Швейцар снова что-то сказал администратору и испуганно посмотрел на меня.
— В чём же дело? — спросил я. — Значит, есть для этого какая-нибудь причина?
— Там один человек недавно сошёл с ума.
— Не каждый же, кто там живёт, сходит с ума.
— Ну, все-таки... — уклончиво ответил администратор.
Тогда вмешался швейцар.
— Он сошёл с ума ночью, — сказал он вполголоса, — я хорошо помню, было сорок минут четвертого, когда он в первый раз закричал.
— Это было очень страшно, — добавил администратор, — Особенно, когда он закричал второй раз. Он выскочил из комнаты, сорвался с лестницы, упал и сломал себе руку. Он ничего не мог сказать, что с ним случилось.
— Ничего особенного в этом я не вижу, — сказал я. — Не ночевать же мне на улице. Покажите мне эту комнату.
Администратор поколебался, взял ключ, и мы поднялись на третий этаж. С площадки третьего этажа шёл вверх ещё один пролет каменной лестницы. Он заканчивался маленькой глухой площадкой.

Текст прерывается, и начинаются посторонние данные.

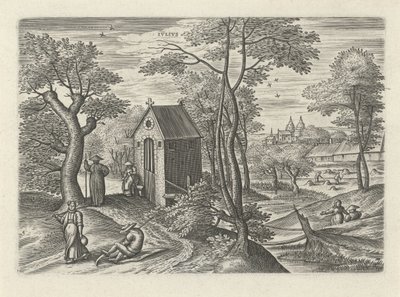 juli Ivlivs (titel på objekt) De tolv månaderna (serietitel) av Julius Goltzius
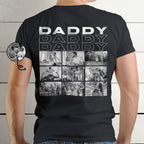 Photo personnalisée N&B - Cadeau pour papa - T-shirt personnalisé
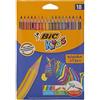 GielleService Bic Kids Evolution Stripes Conf. 18 matite colori assortiti Piombo pigmentato 3,20mm 950524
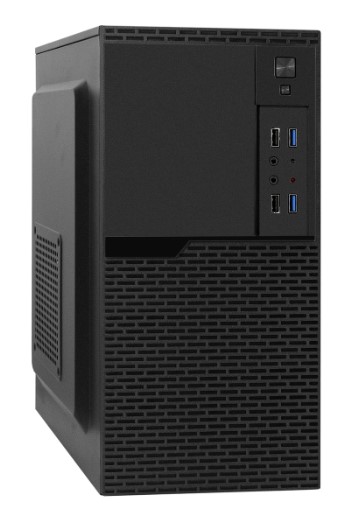Корпус mATX Exegate BAA-308SU2 EX301867RUS черный, без БП, USB, 2*USB 3.0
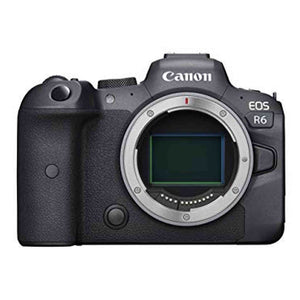Canon EOS R6 Full-Frame Mirrorless Camera with 4K Video, Full-Frame CMOS Senor, DIGIC X Image Processor, Dual UHS-II SD Memory Card Slots, and Up to 12 fps with Mechnical Shutter, Body Only, Black - Reconditioned Canon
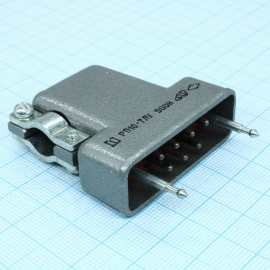 Разъемы РП10-7ЛУ ВИЛКА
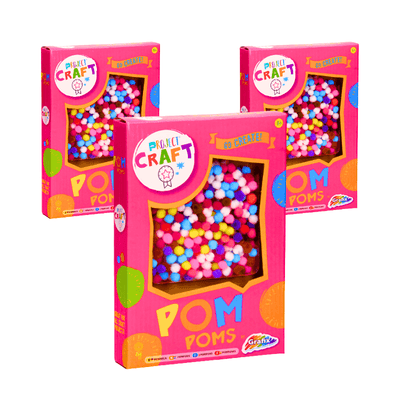 Wholesale Pom Poms - (Case of 24)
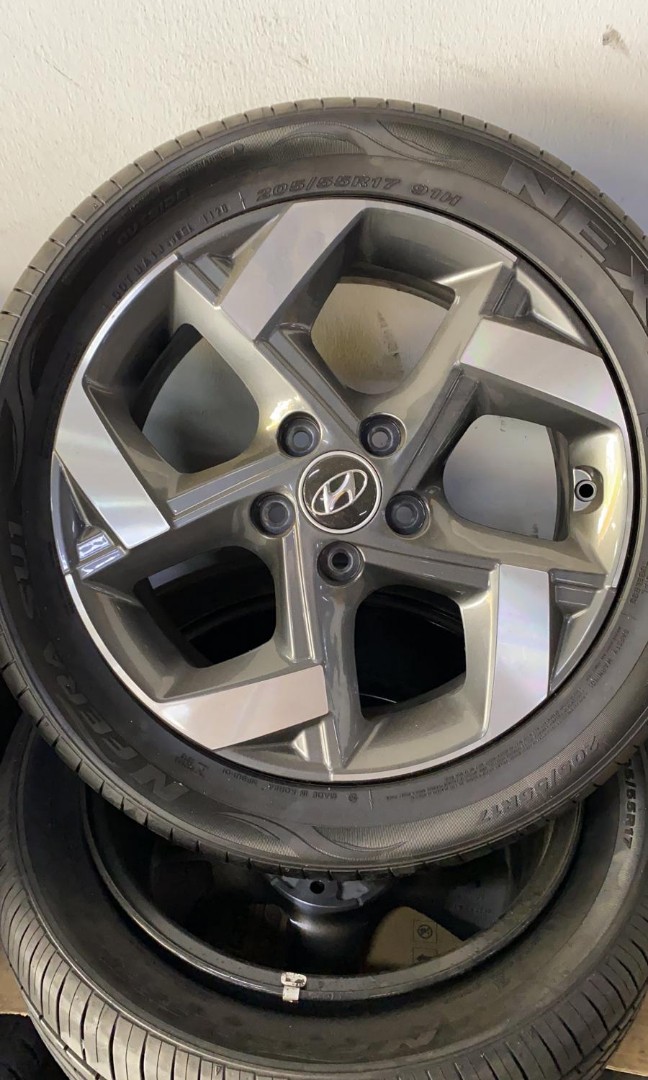 Avantek Rims 17 Inch Hyundai Avante Rims, Car Accessories, Tyres & Rims on Carousell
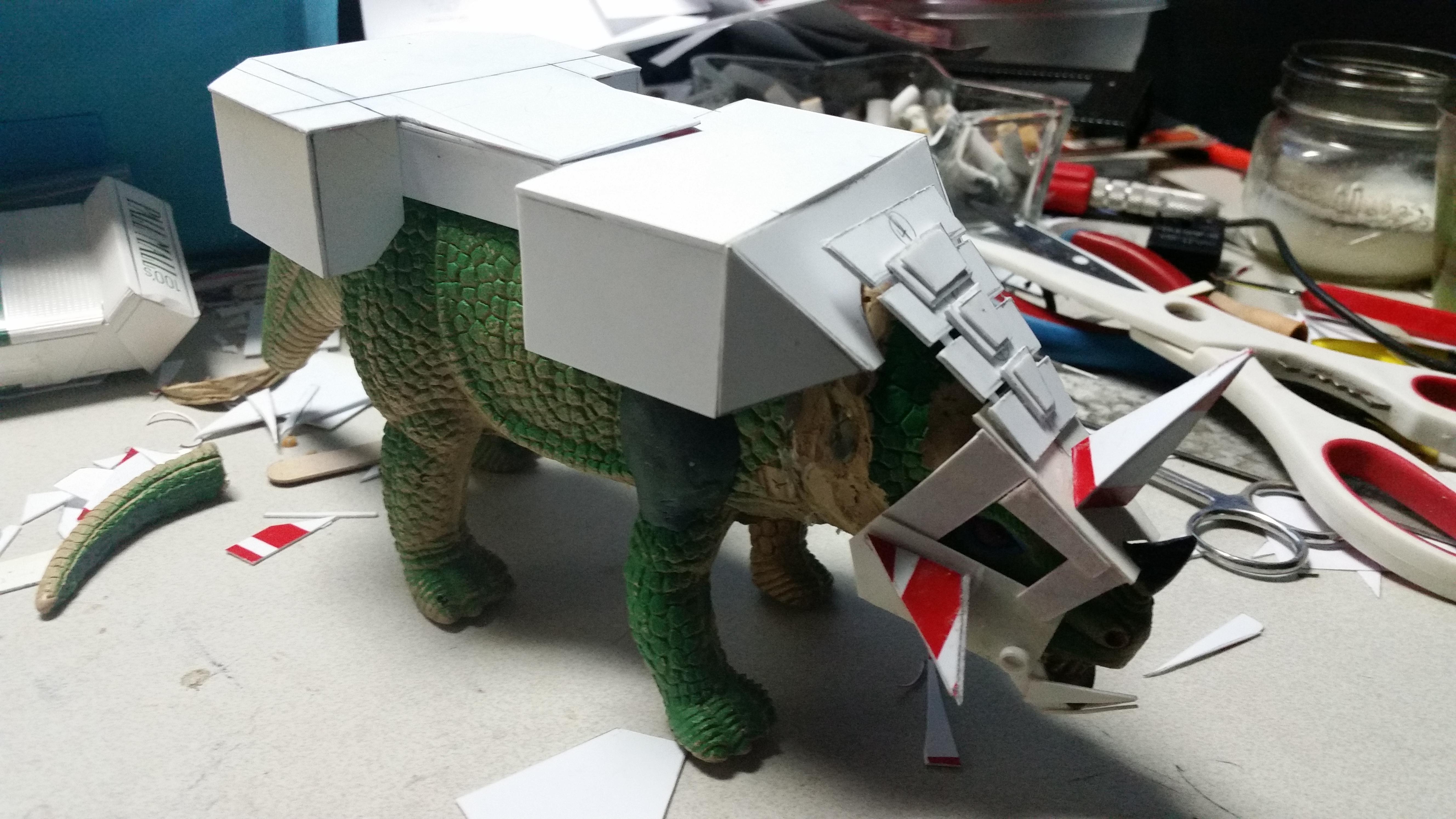 Orks, Squiggoth, Work In Progress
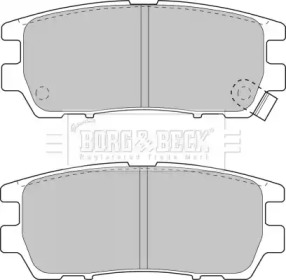 Комплект тормозных колодок BORG & BECK BBP1582
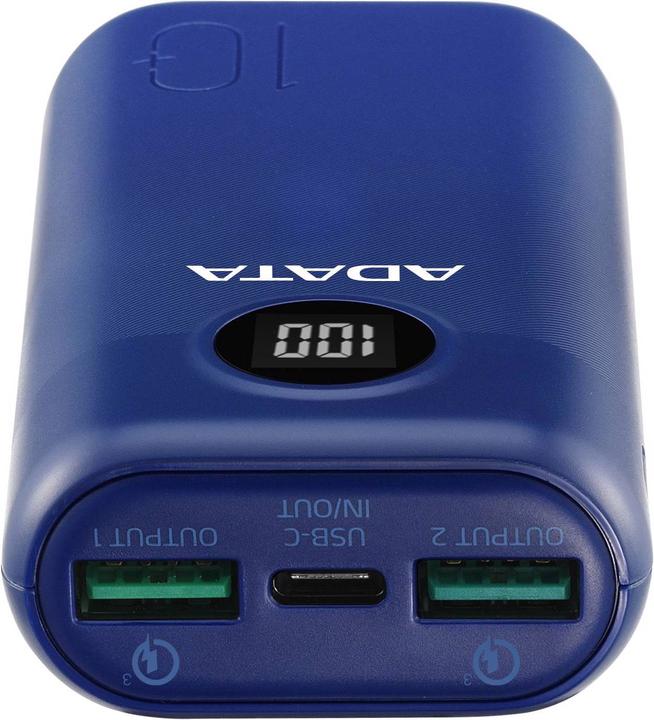 Immagine prodotto Adata P10000QCD (10000 mAh, 22.50 W, 37 Wh)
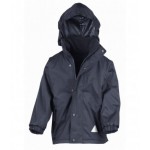 St Anne's Embroidered Heavyweight Coat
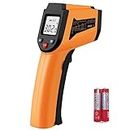 Real Instruments Laser Infrared Thermometer Non-Contact Digital Temperature Gun-50°C to 400°C(-58°F to 752°F) IR Thermometer for Industrial, Kitchen Cooking, Ovens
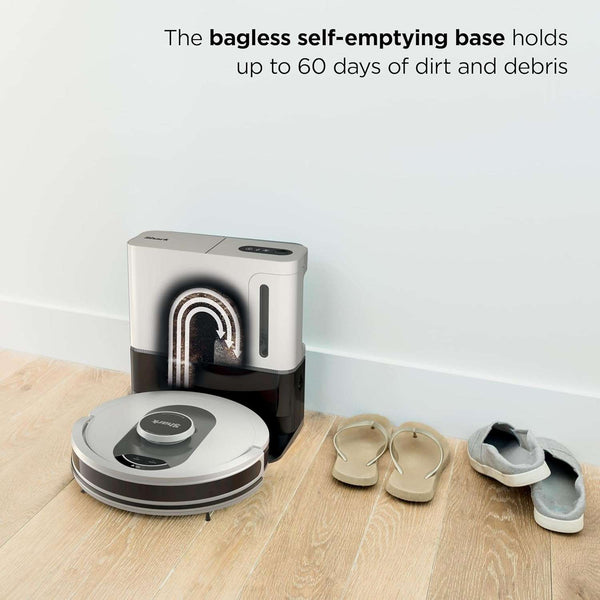 Shark AI Ultra Robot Vacuum with Voice Control, Home Mapping, XL Self-Empty Base, 60-Day Capacity - Quality Prime Hub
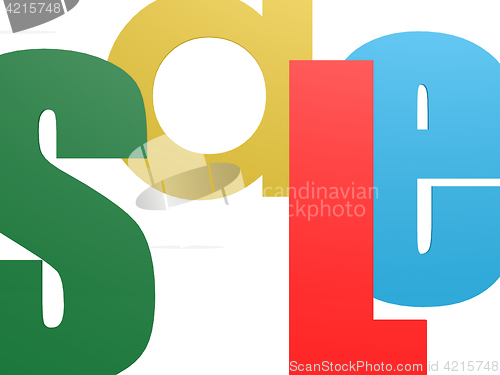 Image of Sale word with four colors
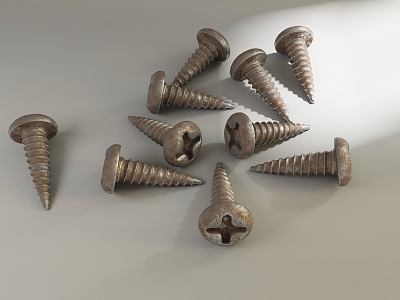 modern screw 3d model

С площадки подымалась к чердаку узкая деревянная лестница, похожая на стремянку. Лестница эта упиралась в дверь, выкрашенную охрой.
Администратор долго не мог открыть эту дверь, — ключ заедал в замке и не поворачивался.
Наконец он открыл дверь, но, прежде чем войти, нащупал в комнате, не переступая порога, выключатель около притолоки и зажёг свет.
Я увидел комнату с железной койкой и одним стулом. Больше в комнате ничего не было. Но ничего неприятного в этой комнате я не заметил. Мне только показалось, что единственная, очень сильная электрическая лампочка под потолком слишком выпукло освещает скудную обстановку, — я даже увидел слабую вмятину на подушке от головы. Здесь кто-то, очевидно, недавно ночевал.
— Ничего особенного я не вижу, — повторил я, хотя мне уже стало не по себе от сознания, что эта комната будто наглухо отделена от гостиницы темной лестницей.
— Смотрите сами, — ответил администратор. — Звонка к коридорному нет. Ключ плохо работает. Поэтому лучше не закрывайте дверь.
Он ушёл, и только тут я заметил, что в комнате нет окон. Она была похожа на морг — только голые желтые стены и белый потолок.
Я лёг, но дверь на ключ не запер. Свет я не погасил. Лампа под потолком мешала уснуть, но мне не хотелось вставать, чтобы погасить её.
По крыше порывами барабанил дождь. Изредка ветер подвывал на чердаке, в разбитом слуховом окне.
В конце концов я все же уснул. Проснулся я внезапно. Несколько секунд я пролежал с закрытыми глазами, потом потянулся к ручным часам на стуле около кровати. Часы показывали сорок минут четвертого.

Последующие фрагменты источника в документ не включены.